Halfway through the ride, Mike craved an energy drink (God bless my partner for making the morning drive after working 4pm-midnight beforehand) and my thimble bladder couldn't take it. So we stop at a familiar service station off I-380N. Big mistake. Crowded bathroom=me twitching and hyperventilating until we were back on the road. Turns out that in the throes of fight-or-flight, ol' thimble bladder has a bigger capacity than I ever imagined. And this all set the tone for the visit.
I missed my parents so much up until this point (they're about two hours from where I live), and I spent most of the visit on the sofa laying with my water bottle and hating myself. I was too scared to move, scared that the panic wouldn't subside, not wanting to ruin the day or worry my family. Starving but so amped up that I could barely swallow my own saliva let alone the delicious food they arranged for me. Dreading the ride home and wishing immensely that we lived closer to my parents. Being so scared that even my own hometown doesn't feel "home" enough for me to feel safe.

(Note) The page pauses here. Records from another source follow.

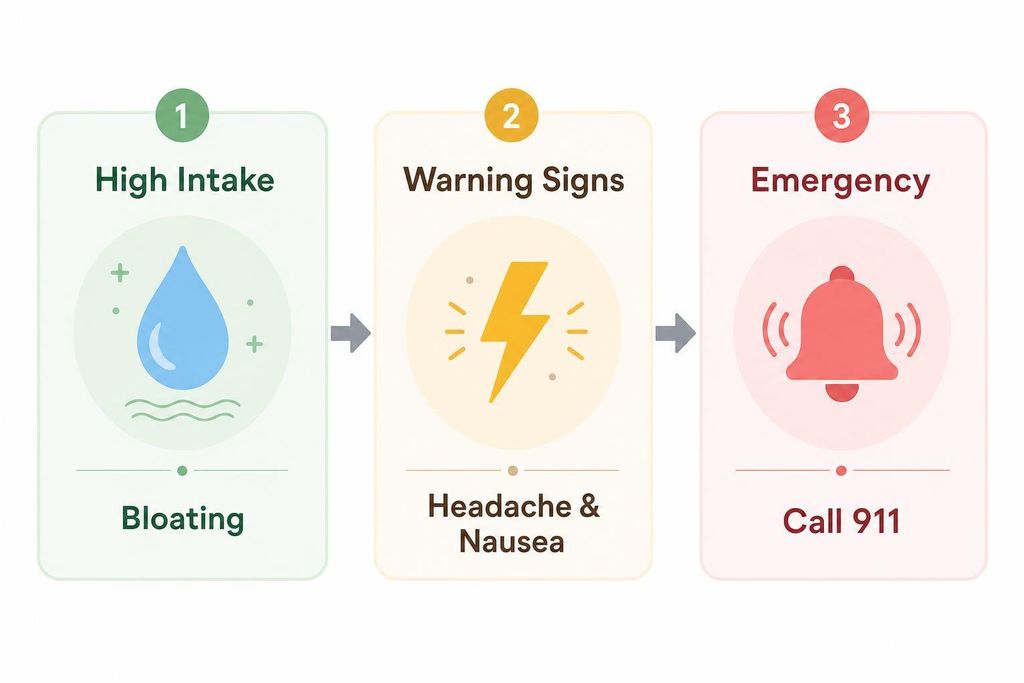 A three-stage infographic illustrating the progression from high water intake (bloating) to warning signs (headache and nausea) and finally to a medical emergency (call 911), depicted with corresponding icons.
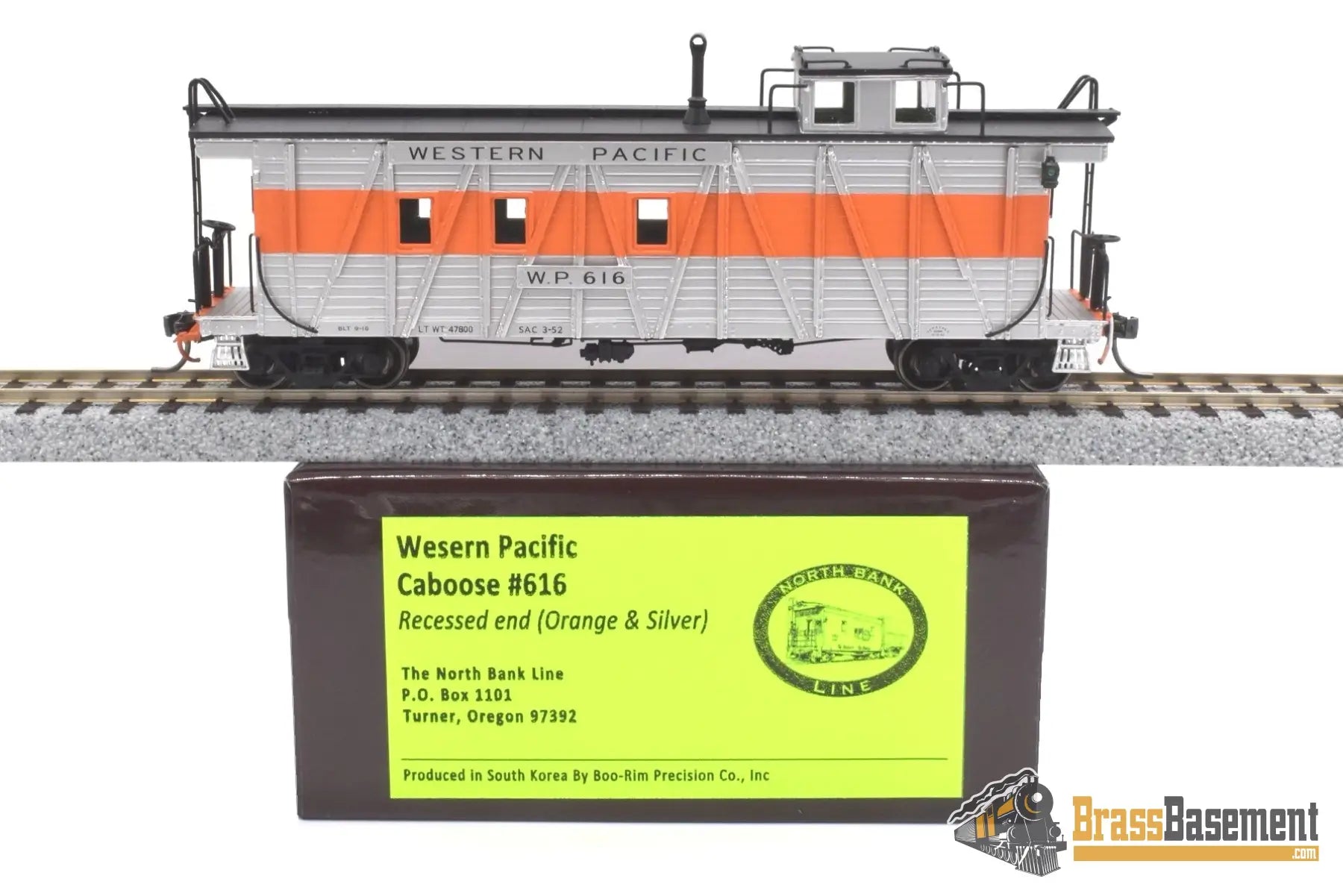 Ho Brass - North Bank Line Nbl Western Pacific Wp Caboose #616 Fp Orange/Silver Recessed End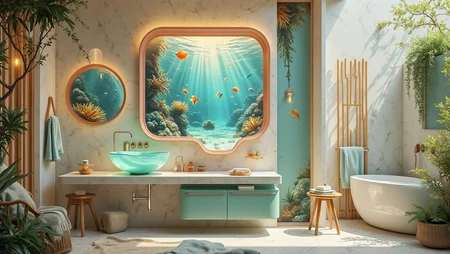 <lora:flux-h34d5-v1.safetensors:1> h34d5
In the heart of a whimsical, enchanted bathroom, the air shimmers with a soft, ethereal glow. The focal point is a breathtaking, translucent turquoise vessel sink, its surface like a window into an underwater wonderland. Colorful tropical fish dart playfully among vibrant coral reefs, their scales reflecting the gentle, pastel hues of the space. Above the sink, a rectangular mirror framed in a delicate peach hue adds a touch of sophistication, its surface reflecting the magical scene below.
The bathroom is a harmonious blend of contemporary elegance and serene charm, with soft tones and wooden accents that lend a warm, inviting feel. The light dances in hues of pastel and gold, casting a shimmering glow that transforms every corner into a scene of enchantment. The wooden accents, from the sleek vanity to the charming stool, are smooth and inviting, as if they too have been touched by the magic of the underwater realm.
Every object in the room, from the towel rack to the soap dispenser, is infused with a sense of whimsy and delight. The towels, a soft, cloud-like texture, drape delicately over the wooden rack, while the soap, scented with a hint of sea breeze, sits in a beautifully crafted dish. The high-resolution photograph captures every detail with crisp clarity, making the space feel both functional and visually captivating, a true haven of aquatic elegance and wonder.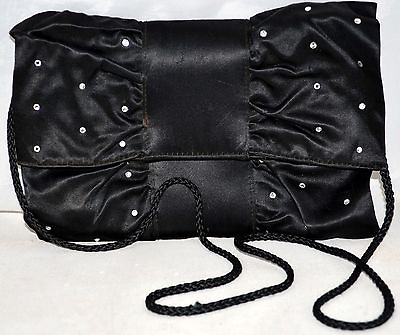 #ad La Regale Ltd Handmade Black Satin with Rhinestones Ruffled Clutch Crossbody Bag $29.99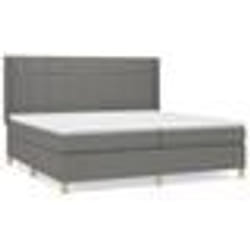 vidaXL Sommier à lattes de lit avec matelas Gris foncé 200x200cm Tissu - 200 x 200 cm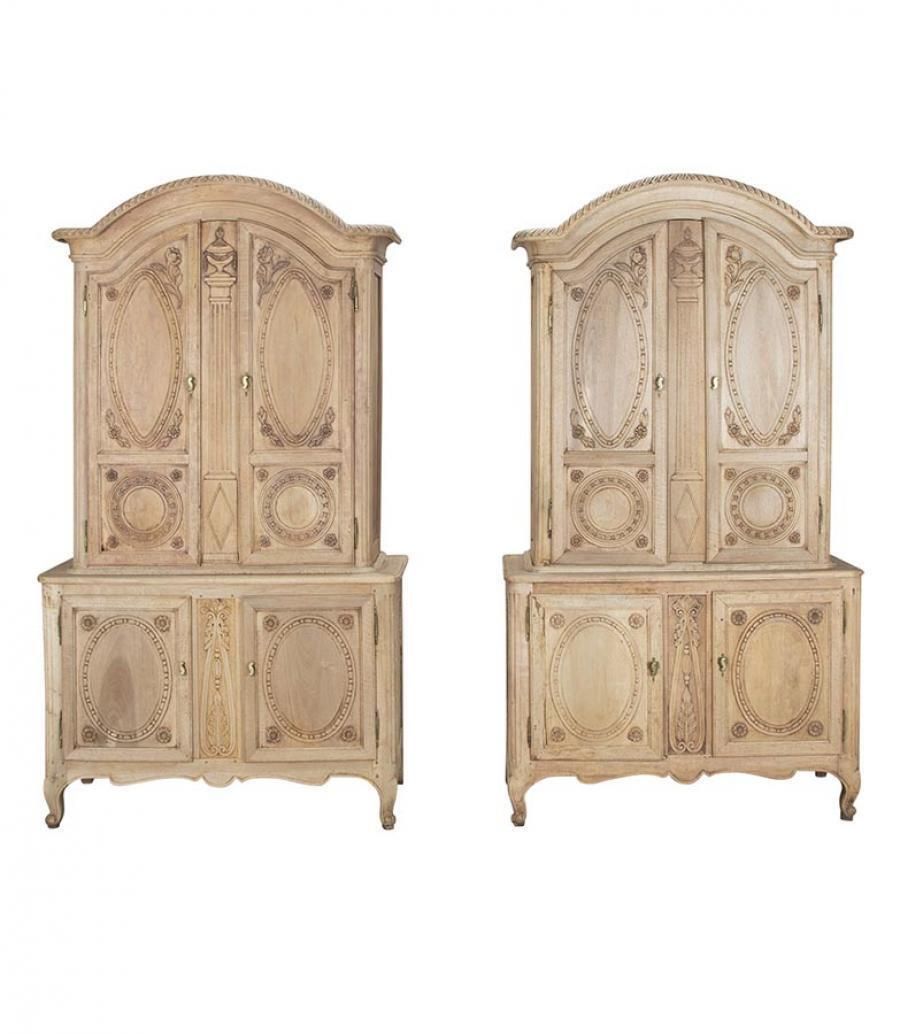 Pair Of Large Late 19th Century French Bleached Cabinets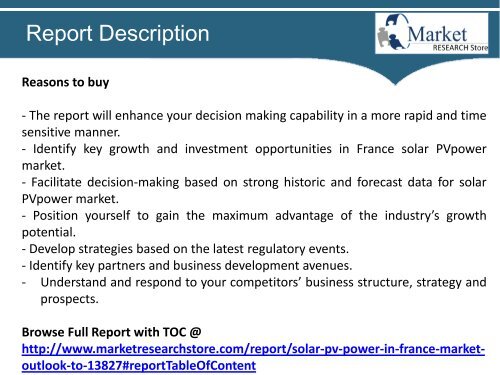 Solar PV Power in France, Market Outlook to 2025, Update 2015 - Capacity, Generation, Levelized Cost of Energy (LCOE), Investment Trends, Regulations and Company Profiles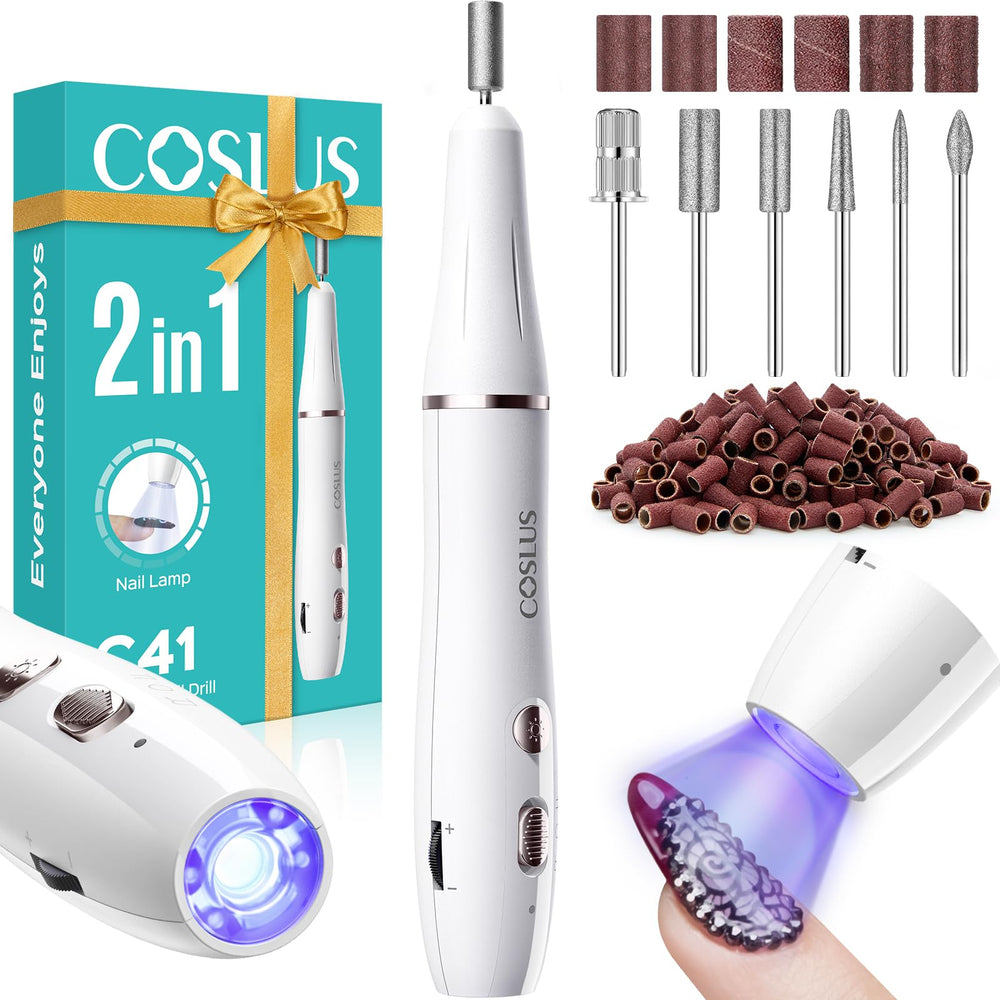 COSLUS C41 cordless nail drill front view for portable home manicure convenience.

A massive amount of guilt comes along with having an anxiety and panic disorder. Saturday and the days that have followed since have been one big self-hatred fest. Everyone around of me has been so proud that I got out and did what did. But all I can see sometimes is the failure, the loss of normalcy...remembering that at one point in my life, I was brave enough to graduate college and then go on to earn an M.Ed. Brave enough to be an "extreme couponer" of sorts and spend an entire day shopping for our household in search of the best deals. Brave enough to present to groups of 10-100 people and to enjoy it. Brave enough to enjoy my food without worrying how it will affect me. Brave period. I now hide in our small apartment and lean on Mike both physically and emotionally on my excursions out. Victories. Two steps forward. Followed by a false sense of defeating the disorder, then setback, guilt, another step back...and so it goes. And so it goes.
I firmly believe I was depressed for about a year or more leading up to my breakdown, but to change this much as a person seemingly overnight? I have never felt the rug be pulled out from under my already-unsteady feet that much in all my life. I am grieving the death of who I thought I was and he grief process is not neat or tidy in any way,
Is this negative self-talk toxic to my recovery? Absolutely. Do I know that I'll have an upswing and come out of this dark period to a less dark place? Yes, but it won't be what it was before my breakdown. I have a lot of work to do to get there. I hate that. Even on my "good" days I'm not good.
Two steps forward and one back, or is it the other way around? Not sure tonight.